Second in a series
Some location managers still struggle to film downtown in front of developer Tom Gilmore‘s properties. But there’s a long history in Los Angeles of filmmakers being hit on for cash to secure film locations. And while Mayor Eric Garcetti is film friendly now, he was once caught putting the squeeze on a major studio to film a movie in his district.
As mayor, Garcetti created the position of Film Czar to cut red tape and re-invigorate local production, and he has lobbied Sacramento tirelessly to pass new state film incentives. But 12 years ago, as a member of the City Council, his requests for money contributed to a payoff culture that his own current deputy Film Czar Rajiv Dalal says has made Los Angeles “the extortion capital of the world for the film industry.”

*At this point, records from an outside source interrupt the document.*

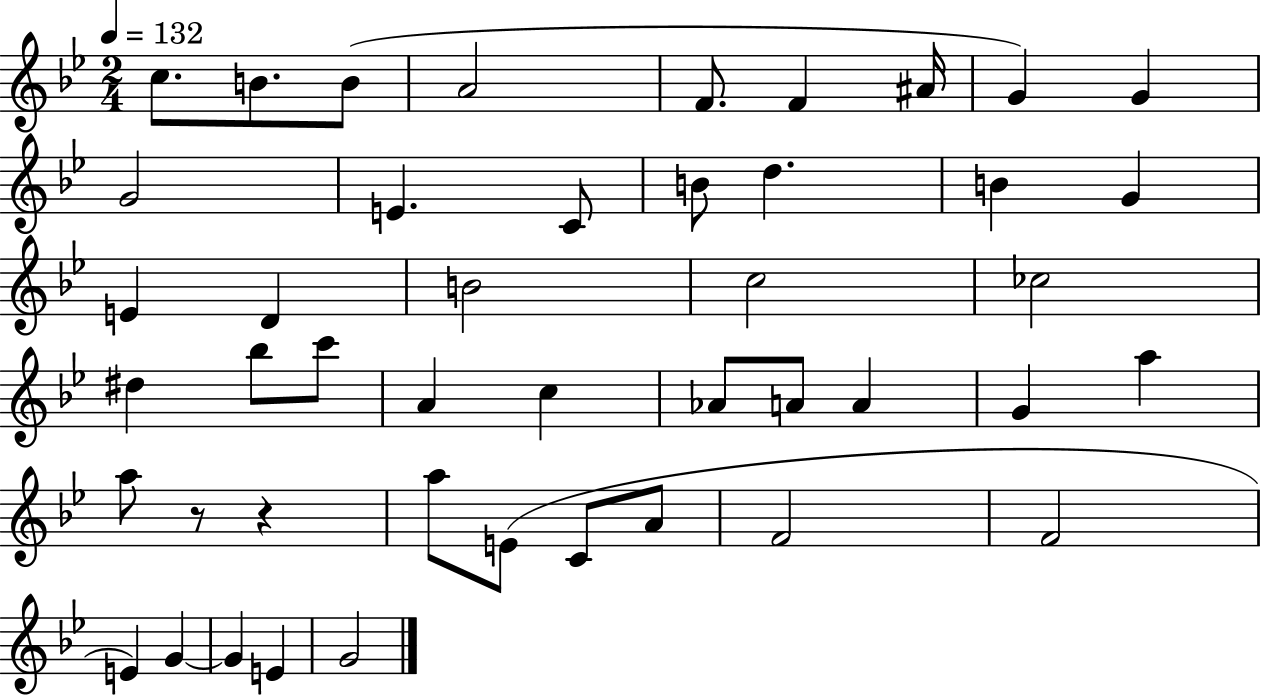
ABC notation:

X:1
T:Untitled
M:2/4
L:1/4
K:Bb
c/2 B/2 B/2 A2 F/2 F ^A/4 G G G2 E C/2 B/2 d B G E D B2 c2 _c2 ^d _b/2 c'/2 A c _A/2 A/2 A G a a/2 z/2 z a/2 E/2 C/2 A/2 F2 F2 E G G E G2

In 2002, producers sought to close two blocks of Hollywood Boulevard for two days to film a scene for Sony’s Hollywood Homicide, which starred Harrison Ford and Josh Harnett. Garcetti, who represented the Hollywood area, told the studio he might not support the road closure unless they paid $10,000 to $25,000 for a study of traffic problems caused by filming in the area. He asked the studio to pay for the study, according to a Sony spokeswoman at the time. When asked by the media, however, then-Councilman Garcetti said he was going to get other studios to help cover the cost of the study; otherwise, he was going to withdraw all support from allowing crews to film on the famous boulevard.